Could you write out the opening lines of the data, word for word, stopping after the line that contains "1st image of 37 Goldsmith Pl APT A"?

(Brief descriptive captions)
'''
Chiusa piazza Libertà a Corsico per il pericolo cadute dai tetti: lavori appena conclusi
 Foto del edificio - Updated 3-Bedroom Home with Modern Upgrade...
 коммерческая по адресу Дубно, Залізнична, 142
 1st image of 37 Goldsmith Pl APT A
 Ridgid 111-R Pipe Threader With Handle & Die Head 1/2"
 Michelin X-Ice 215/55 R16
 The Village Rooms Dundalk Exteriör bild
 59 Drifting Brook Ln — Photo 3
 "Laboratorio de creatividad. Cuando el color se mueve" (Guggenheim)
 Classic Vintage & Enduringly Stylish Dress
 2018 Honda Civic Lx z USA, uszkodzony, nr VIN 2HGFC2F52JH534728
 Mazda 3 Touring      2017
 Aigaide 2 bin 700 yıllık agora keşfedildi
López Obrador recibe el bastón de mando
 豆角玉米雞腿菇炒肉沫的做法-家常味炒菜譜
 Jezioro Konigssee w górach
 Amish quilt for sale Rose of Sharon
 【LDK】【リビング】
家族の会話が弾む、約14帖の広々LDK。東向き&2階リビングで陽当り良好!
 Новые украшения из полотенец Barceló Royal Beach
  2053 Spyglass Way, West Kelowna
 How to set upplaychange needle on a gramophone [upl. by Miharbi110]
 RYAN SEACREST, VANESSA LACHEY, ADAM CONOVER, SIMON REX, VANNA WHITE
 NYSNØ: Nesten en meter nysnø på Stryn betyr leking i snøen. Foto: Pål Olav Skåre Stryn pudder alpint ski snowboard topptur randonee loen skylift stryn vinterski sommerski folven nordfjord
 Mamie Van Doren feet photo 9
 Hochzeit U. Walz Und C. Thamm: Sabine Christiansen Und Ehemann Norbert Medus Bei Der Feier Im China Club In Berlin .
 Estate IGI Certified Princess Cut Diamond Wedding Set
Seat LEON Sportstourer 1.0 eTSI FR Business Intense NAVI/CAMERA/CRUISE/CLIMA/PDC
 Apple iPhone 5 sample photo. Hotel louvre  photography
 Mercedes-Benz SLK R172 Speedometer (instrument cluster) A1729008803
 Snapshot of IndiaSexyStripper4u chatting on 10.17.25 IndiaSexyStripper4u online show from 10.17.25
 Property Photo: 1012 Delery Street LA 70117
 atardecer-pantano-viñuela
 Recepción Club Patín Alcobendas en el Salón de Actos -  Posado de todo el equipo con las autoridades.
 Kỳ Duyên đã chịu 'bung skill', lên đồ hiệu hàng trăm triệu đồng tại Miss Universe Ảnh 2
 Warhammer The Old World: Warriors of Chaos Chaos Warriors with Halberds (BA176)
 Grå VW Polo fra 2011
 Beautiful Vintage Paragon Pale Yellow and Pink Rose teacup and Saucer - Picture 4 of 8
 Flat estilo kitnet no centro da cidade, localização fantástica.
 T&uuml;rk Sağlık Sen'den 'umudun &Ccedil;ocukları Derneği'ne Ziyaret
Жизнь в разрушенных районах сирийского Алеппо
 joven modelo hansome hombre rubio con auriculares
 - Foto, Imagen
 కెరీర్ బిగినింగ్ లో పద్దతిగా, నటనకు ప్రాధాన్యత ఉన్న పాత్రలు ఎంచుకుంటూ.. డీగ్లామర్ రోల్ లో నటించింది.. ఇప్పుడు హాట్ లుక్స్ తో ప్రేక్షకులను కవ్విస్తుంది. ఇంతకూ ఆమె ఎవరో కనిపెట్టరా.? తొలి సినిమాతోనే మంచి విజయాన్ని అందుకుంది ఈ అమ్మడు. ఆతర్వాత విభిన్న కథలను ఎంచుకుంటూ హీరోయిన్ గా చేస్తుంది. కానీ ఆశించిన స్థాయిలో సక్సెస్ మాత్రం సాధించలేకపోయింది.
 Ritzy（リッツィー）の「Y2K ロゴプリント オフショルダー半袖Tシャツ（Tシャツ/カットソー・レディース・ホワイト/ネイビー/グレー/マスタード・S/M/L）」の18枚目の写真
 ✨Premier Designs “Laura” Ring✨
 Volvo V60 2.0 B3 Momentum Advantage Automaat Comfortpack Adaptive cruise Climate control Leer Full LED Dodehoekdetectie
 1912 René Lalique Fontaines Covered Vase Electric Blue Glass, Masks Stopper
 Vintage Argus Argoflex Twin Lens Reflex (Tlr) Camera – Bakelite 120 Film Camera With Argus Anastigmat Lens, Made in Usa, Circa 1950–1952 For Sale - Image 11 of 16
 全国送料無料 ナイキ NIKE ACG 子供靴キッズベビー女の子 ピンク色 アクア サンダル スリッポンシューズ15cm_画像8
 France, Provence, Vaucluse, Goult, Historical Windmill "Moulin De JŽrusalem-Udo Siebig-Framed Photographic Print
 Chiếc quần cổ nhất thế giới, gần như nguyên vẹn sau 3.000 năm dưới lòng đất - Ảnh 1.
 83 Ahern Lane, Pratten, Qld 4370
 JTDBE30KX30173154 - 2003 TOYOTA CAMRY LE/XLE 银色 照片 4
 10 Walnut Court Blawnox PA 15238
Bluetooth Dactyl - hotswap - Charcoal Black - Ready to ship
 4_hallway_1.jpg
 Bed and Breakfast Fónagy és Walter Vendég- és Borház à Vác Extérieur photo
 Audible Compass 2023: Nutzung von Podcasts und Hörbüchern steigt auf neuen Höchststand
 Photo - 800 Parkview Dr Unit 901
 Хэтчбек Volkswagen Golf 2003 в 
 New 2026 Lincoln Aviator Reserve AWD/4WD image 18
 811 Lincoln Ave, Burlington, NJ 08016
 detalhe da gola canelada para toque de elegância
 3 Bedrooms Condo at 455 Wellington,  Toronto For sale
'''
--- Output ---
Chiusa piazza Libertà a Corsico per il pericolo cadute dai tetti: lavori appena conclusi
 Foto del edificio - Updated 3-Bedroom Home with Modern Upgrade...
 коммерческая по адресу Дубно, Залізнична, 142
 1st image of 37 Goldsmith Pl APT A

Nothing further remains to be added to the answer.